Но вот в джунглях начали появляться заборы, а за ними – маленькие домики, или хижины. Большинство домов еще спало. Останавливаемся возле одного – пастор Акино говорит, что тут он обычно заправляется. Окно бамбуковой хижины выходит прямо на дорогу. На подоконнике – сникерсы, пепси, и прочая чепуха типичная для любого ларька в любой точке мира. Стучит в легкую бамбуковую. Где-то в глубине хижины тускло светит старая лампа дневного света прикрытая тряпочкой. Никто не отвечает. Потом мелькнула маленькая, прозрачная фигурка. Девочка, лет восьми, с серьезным личиком, совсем не заспанным, в ночной рубашке. Говорит, что дизеля нет – кончился.
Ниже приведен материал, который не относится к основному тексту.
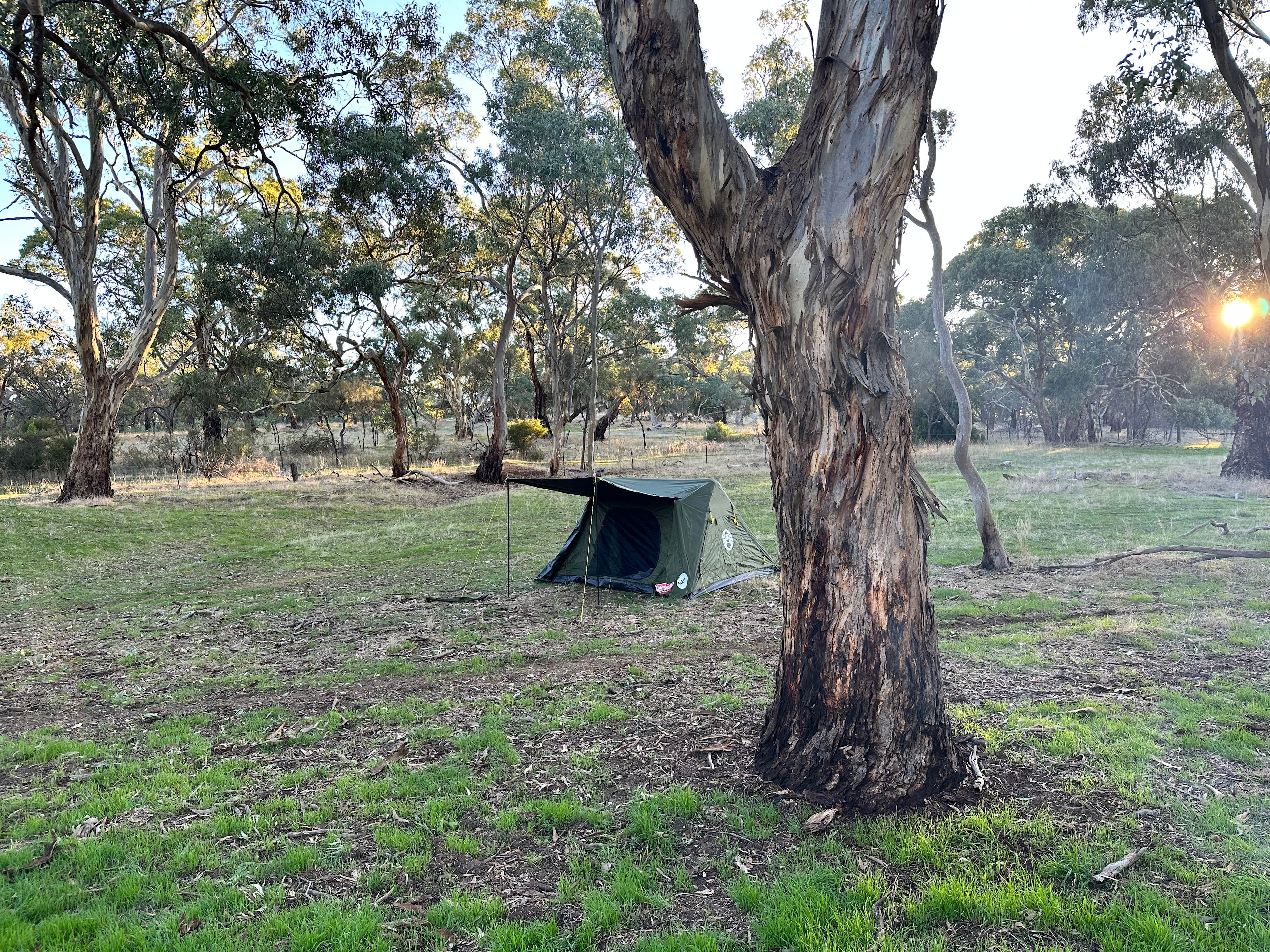 Gateway to the Clare Valley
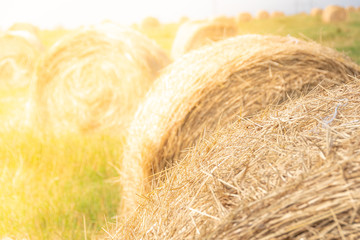 round hay roller on a sunny day. Harvesting of feed for agricultural livestock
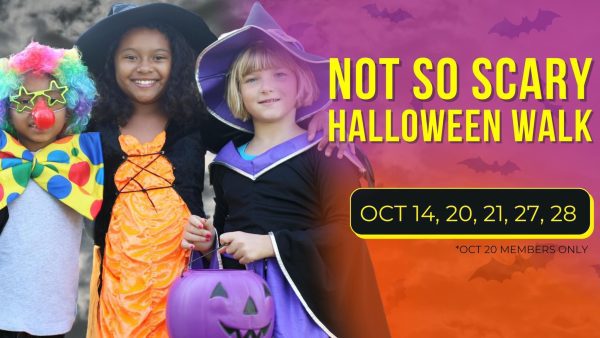 Not So Scary Halloween Walk Celebrates 7 Years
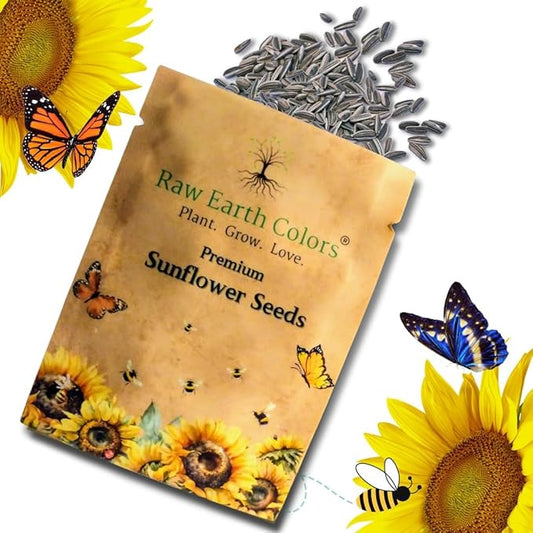 Sunflower Seeds for Planting to Plant Mammoth Sunflower Seeds Packet of About 100 Flower Seeds (Asteraceae Asterales Helianthus giganteus) !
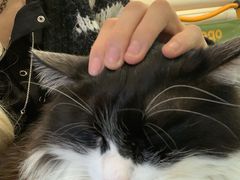 -平行世界·猫咖(首经贸店)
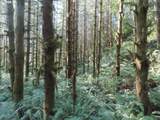  State Hwy 4 - Photo 7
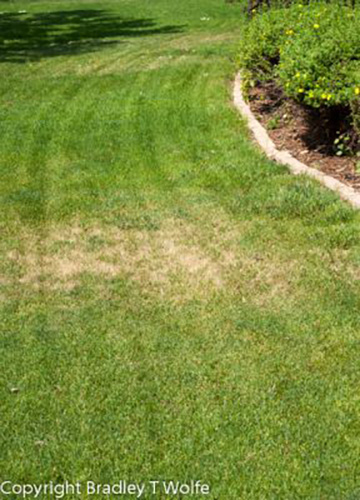 How Much Water Does My Lawn Need | Under Watering Signs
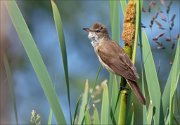 12_DSC6345_Great_Reed_Warbler_bearded_15pc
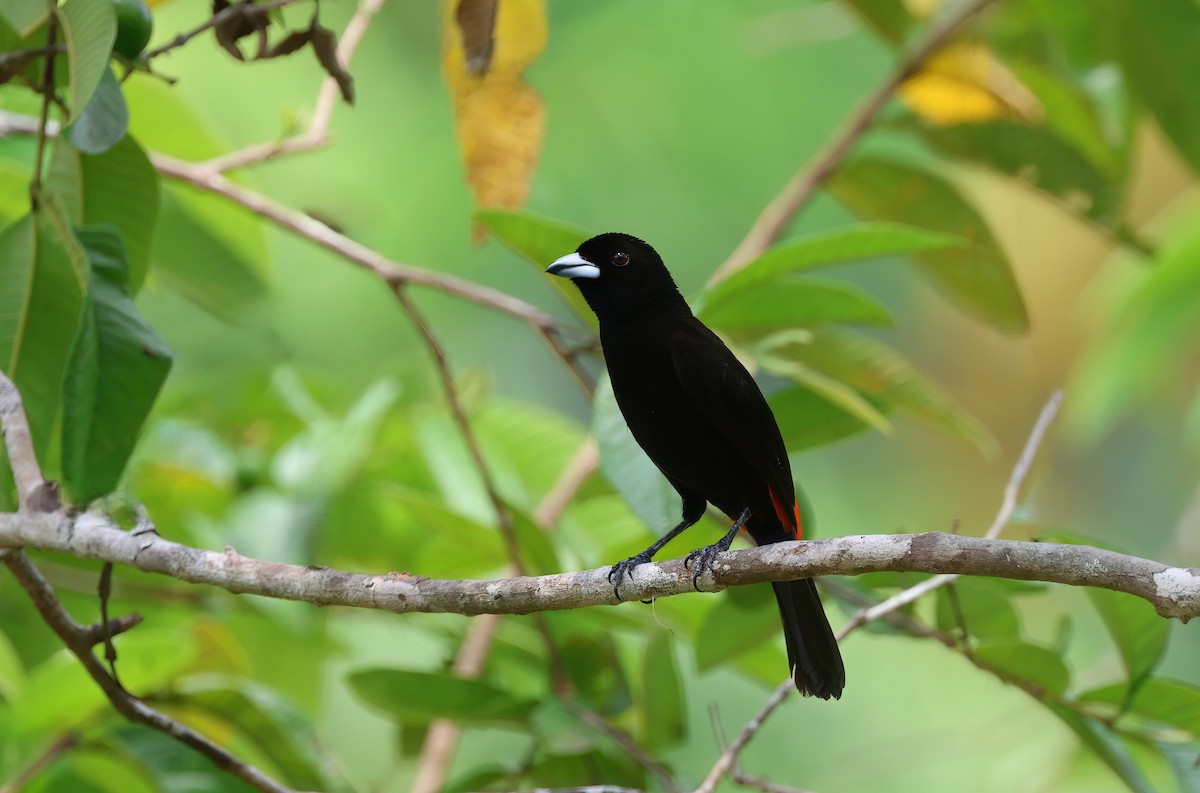 Scarlet-rumped Tanager - Channa Jayasinghe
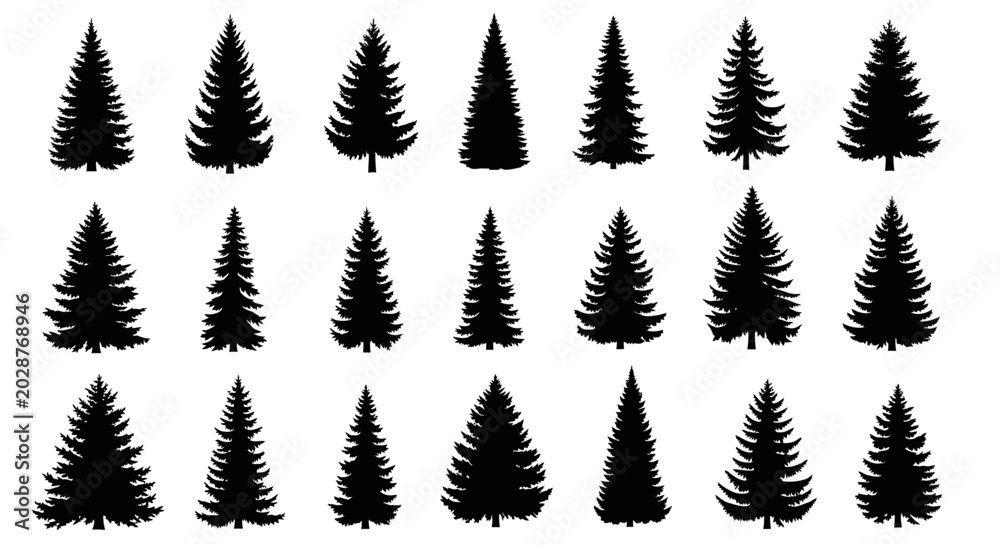 Fototapeta premium Collection of black pine tree silhouettes on white background for design and decoration purposes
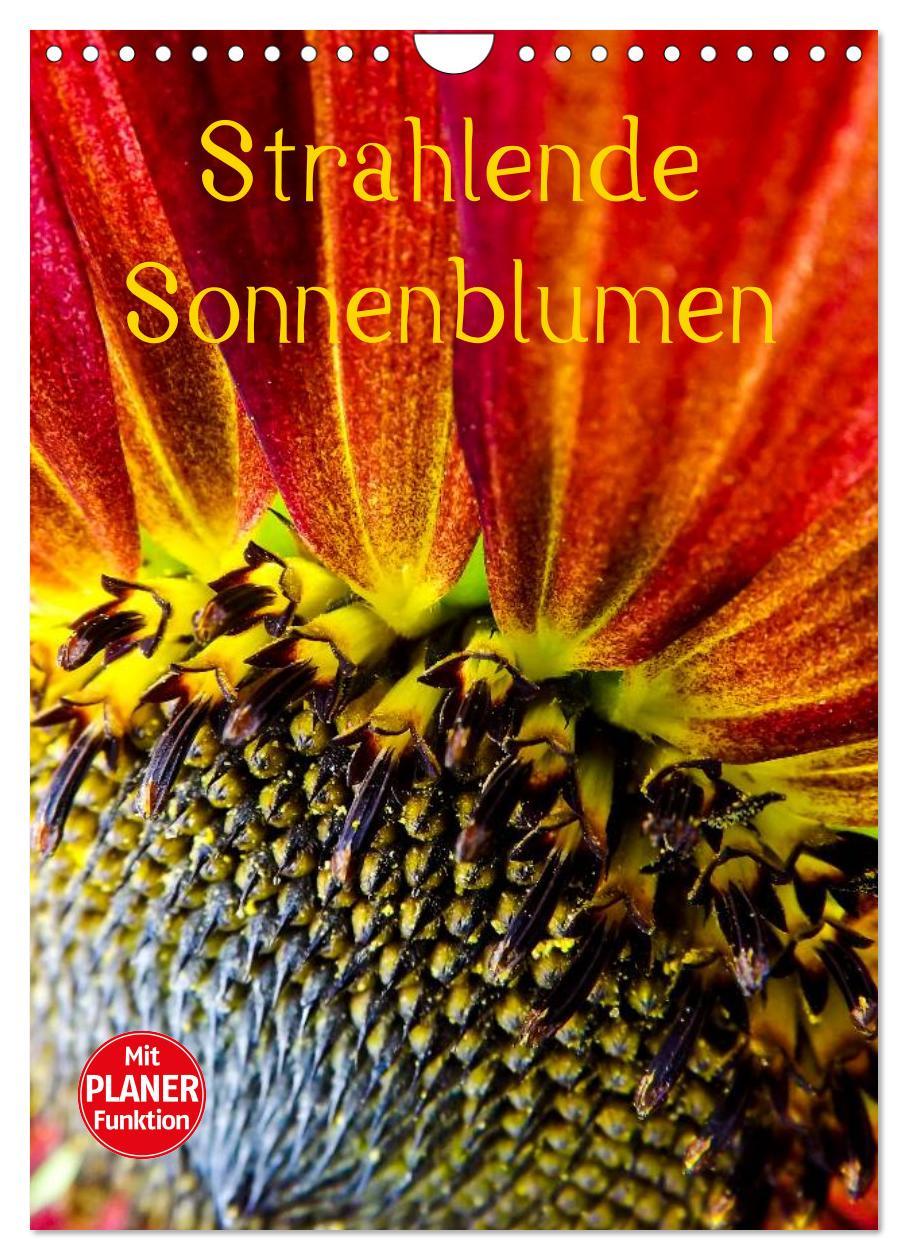 Cover: 9783457005170 | Strahlende Sonnenblumen (Wandkalender 2025 DIN A4 hoch), CALVENDO...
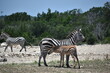 baby zebra nursing on mother zebra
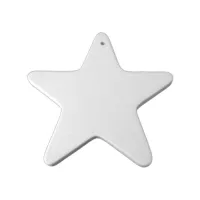Picture of Ceramic Bisque Flat Big Star Ornament 12pc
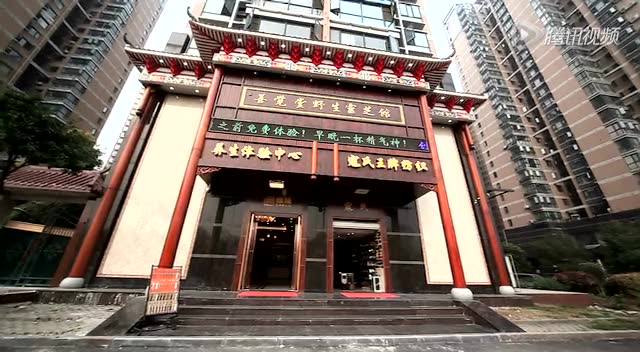 善觉堂——野生灵芝破壁精粉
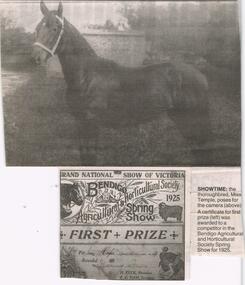 Newspaper - JENNY FOLEY COLLECTION: SHOWTIME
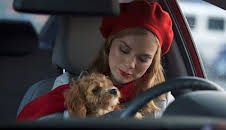 A Puppy for Christmas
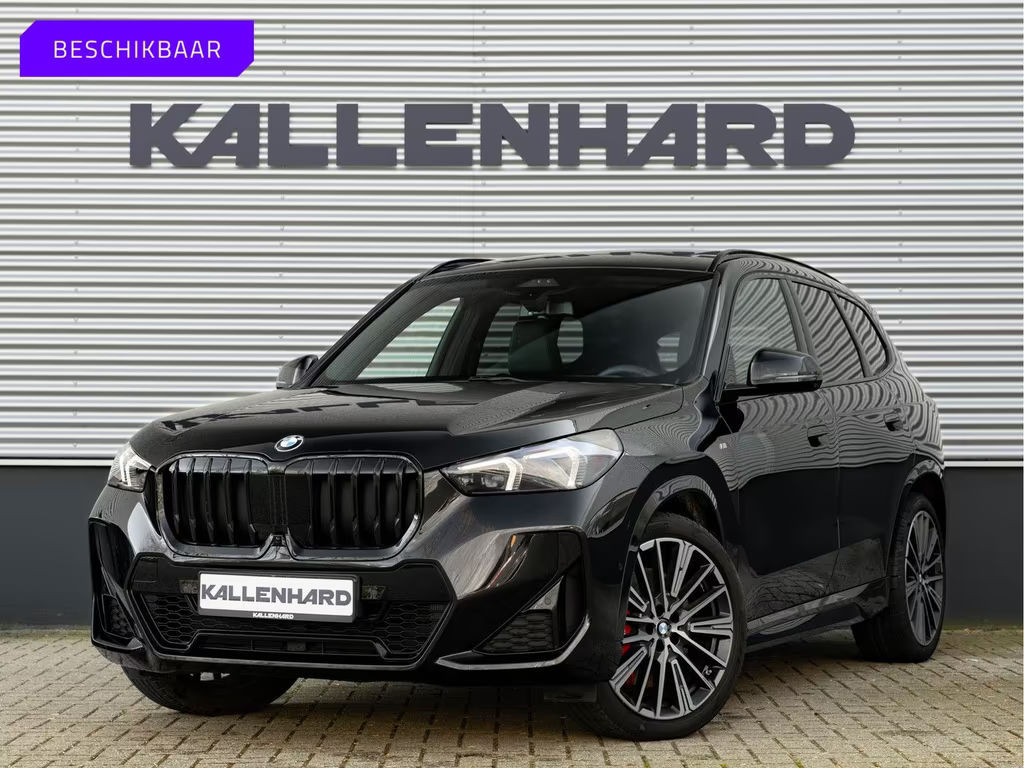 BMW X1 M-Sport Executive High Executive sDrive18i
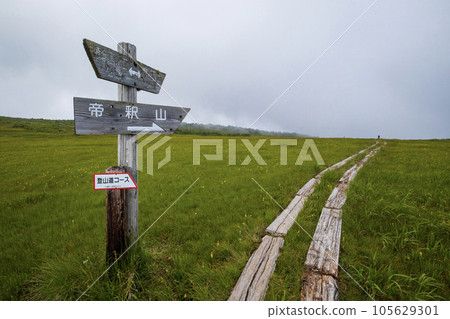 田代山頂附近的花田 田代山頂附近的花田 105629301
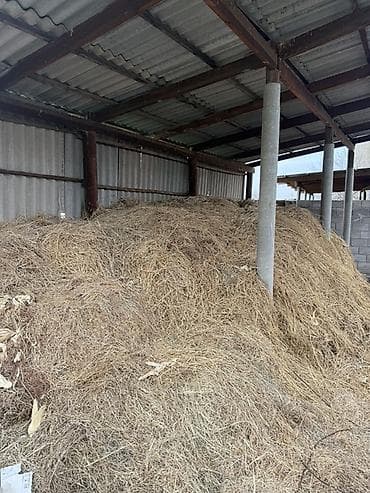Сено в навесе - Натуральное луговое сено россыпью - Хранится под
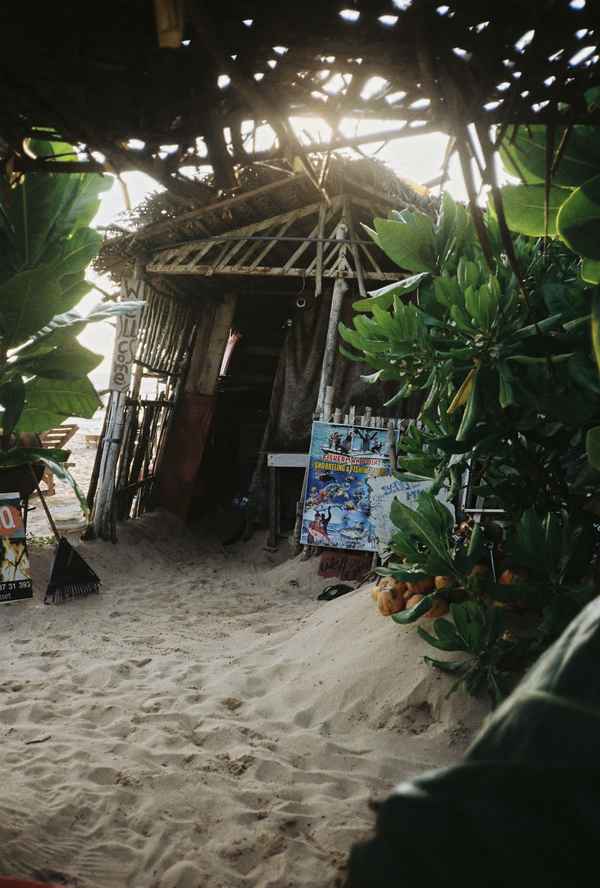 A sandy path leads to a rustic thatched beach hut with a snorkeling sign, framed by leafy plants in backlight, Sri Lanka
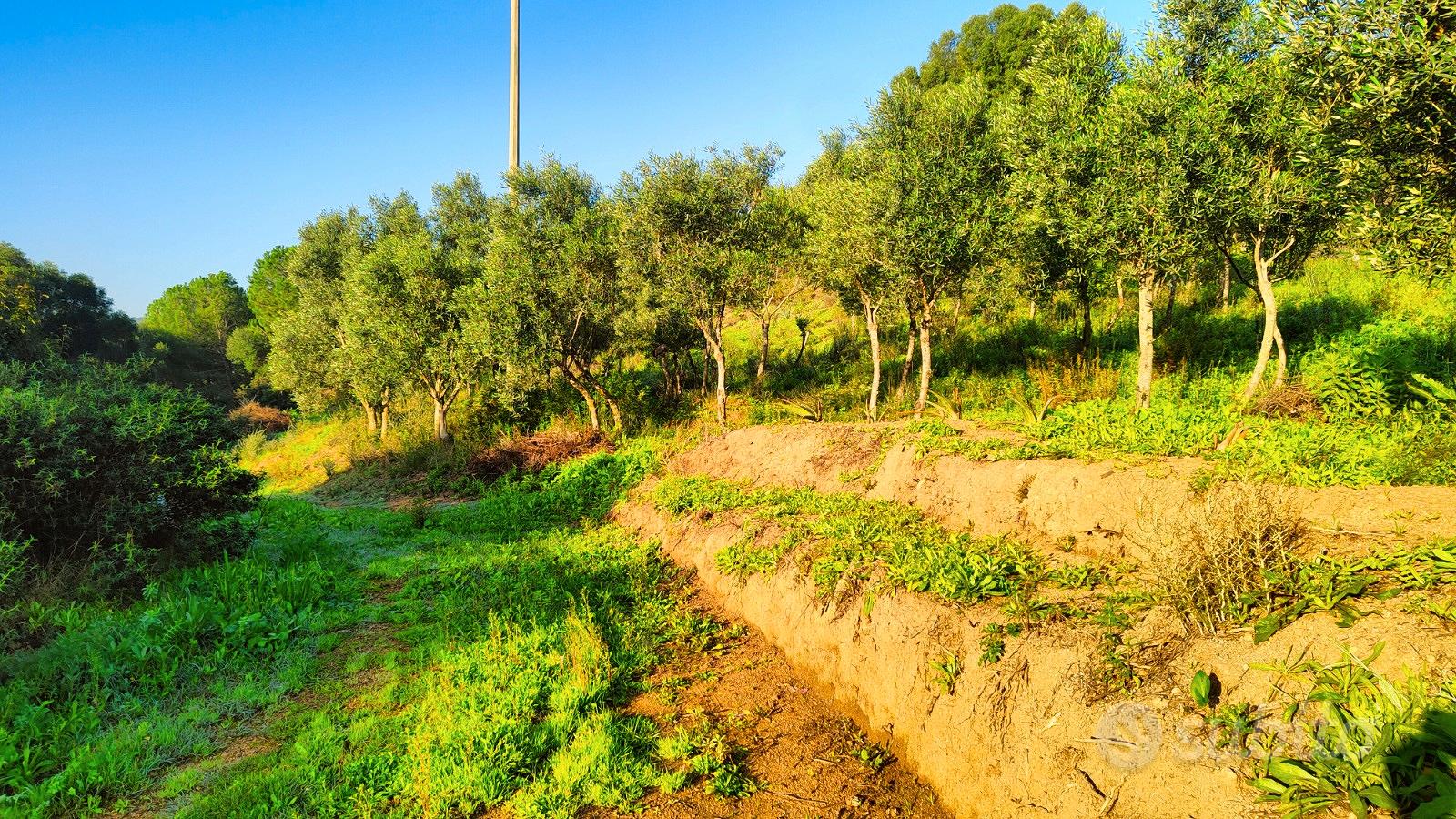 Terreno agricolo con scorcio vista mare a Palau - Vista 4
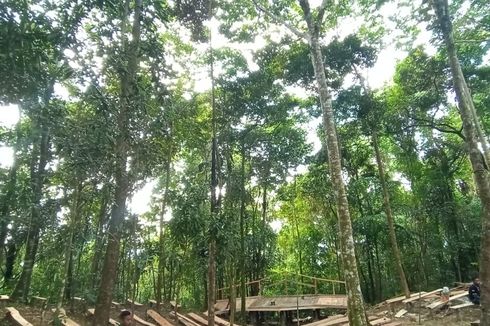 Gubernur NTT Kunjungi Wisata Wae Bobok Labuan Bajo, Nikmati Nasi Bambu dan Ketupat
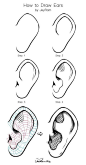 绘画参考素材  耳朵的画法 ​​​​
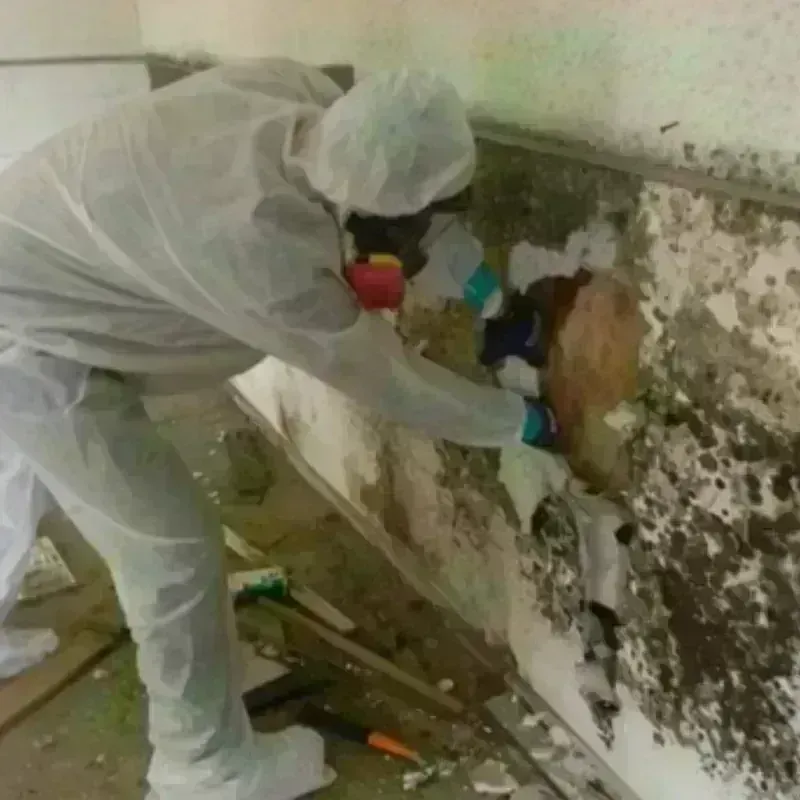 Mold Remediation and Removal in San Juan County, CO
Едем дальше. Дома становятся все чаще и чаще. Некоторые – совсем лачужки, а некоторые – вполне даже приличные, по любым стандартам. Все спят. И вдруг, ярко освященный дом, и двор, наполненный пестрой, оживленной толпой. Гляжу на часы – 3.40 утра.
«Похороны», объясняет пастор Акину. «Уже дня четыре, а то и больше хоронят».
Дверь дома на распашку, за дверью – яркий свет, множество красных и белых цветов, люди, и гроб посередине комнаты. Видя мое недоумение пастор Акино объясняет:
«У них такой обычай – католическо-языческий. Они на этом деньги делают. Приглашают народ на похороны, пьют, играют в карты на деньги, в общем – казино настоящее, пока покойник там. Бывает, получают хорошие деньги».
Я уже не раз наблюдал филиппинские похороны. Неопытным взглядом их трудно отличить от свадьбы – те же воздушные шарики, цветы, и неунывающие, улыбающиеся родственники в огромном количестве. Но про ночную сторону этого дела еще не знал.

Едем дальше. Опять темные дома, палисадники. Изредка – одинокий мотоциклист мелькнет фарой. А вот мигает цветной огонек на обочине. Филиппинцы любят украшать свои легкие мотоциклы всякими огоньками. Дорога разбитая, автобус старый, едет медленно, поэтому все примечаешь. Огонек стал ближе – то белый, то фиолетовый. Открытая калитка, возле нее мотороллер, а возле мотороллера на корточках сидит девушка лет семнадцати-восемнадцати, и не то подкачивает колесо, не то подвинчивает какую-то гайку – что именно, уже никогда не узнаю. Кто она? Жена? Дочь? Сестра? Куда собралась в такой ранний час? Этого я тоже никогда не узнаю.

Не видя нас, а видя только фары (дальний свет, так как ближний не работает) мило улыбнулась нам, проезжающим. Я заметил добрый, лучистый взгляд, чистое лицо, аккуратно убранные волосы. Это не была загадочная улыбка Джаконды. Самая простая, милая и добрая улыбка деревенской девушки. Но почему-то всю дорогу до городка я думал об этой улыбке.